A systems view of information organization and information retrieval captures and provides structure for the inherent tradeoffs obscured by the silos of traditional disciplinary and category perspectives: the more effort put into organizing information “on the way in” when it is created or added to a collection, the more effectively it can be retrieved, and the more effort put into retrieving information “on the way out,” the less it needs to be organized first. Sometimes a collection of resources is highly organized, but because it was organized by someone else for different purposes that have in mind, we need to reorganize it “on the way in.” This is especially common with digital text or datasets, where previously organized resources or their descriptions might be sorted, translated in format or language, combined, summarized, or otherwise transformed to fit into a new Organizing System. For example, to understand seasonal buying patterns, a retailer might combine shopping data with weather data and calendar data about commonly-watched sporting events (because bad weather and broadcast sports cause people to stay home), and all three datasets would need to describe “time” and “location” in the same way.

A systems view no longer contrasts information organization as a human activity and information retrieval as a machine activity, or information organization as a topic for library and information science and information retrieval as one for computer science.
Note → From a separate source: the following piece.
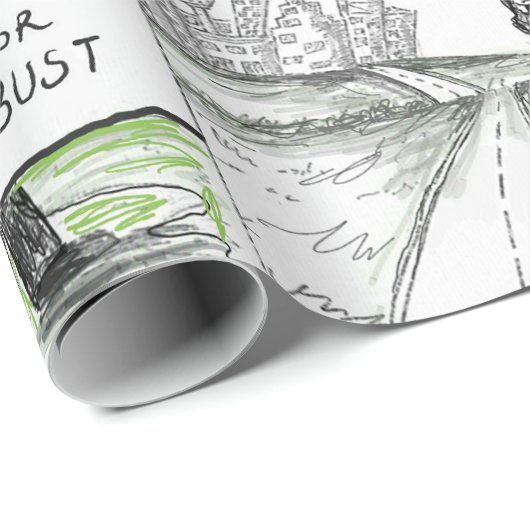 BTS auf der Straße Geschenkpapier (Rolleneckpunkt)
Instead, we readily see that computers now assist people in organizing and that people contribute much of the information used when computers analyze and organize resources. For example, many algorithms for computational classification use supervised learning approaches that start with items classified by people.
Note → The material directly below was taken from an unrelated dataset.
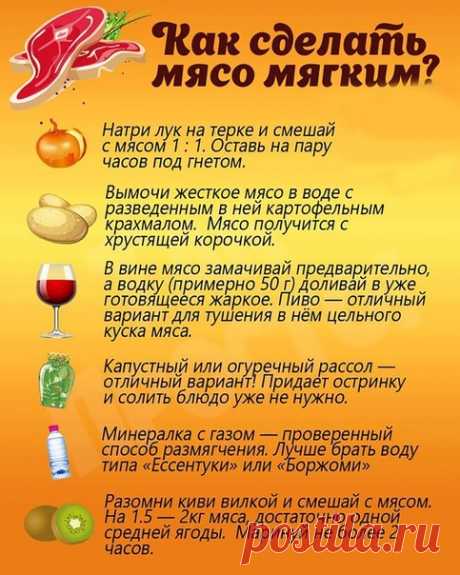 Делаем мясо мягким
Finally, a systems view can be applied to Organizing Systems with any kind of resource, enabling more nuanced discussion of how economic, social, and cognitive costs and benefits of organizing are allocated among different stakeholders. Every Organizing System is biased by the perspectives and experiences of the people who create it. Some of these biases are inescapable, a kind of automatic organizing, because they reflect innate human perceptual and cognitive capabilities. Our minds impose structure and find patterns, even when there aren’t any, and we are not capable of acting perfectly rationally, so we simplify without realizing it. People are also not very good at thinking about future possibilities and revising their expectations given new evidence, and this mental inertia makes us preserve resources and interactions in Organizing Systems that are no longer needed. Other biases in Organizing Systems reflect more intentional choices that implicitly or explicitly create winners or losers, treat some interactions as preferred while deprecating others, or otherwise impose or overlay a set of values on the stakeholders of the system. For example, many Organizing Systems arrange people in groups or queues to make interactions more efficient, but when an airline gives boarding priority to customers who paid more for their tickets it might not seem fair to you if are in the last boarding group.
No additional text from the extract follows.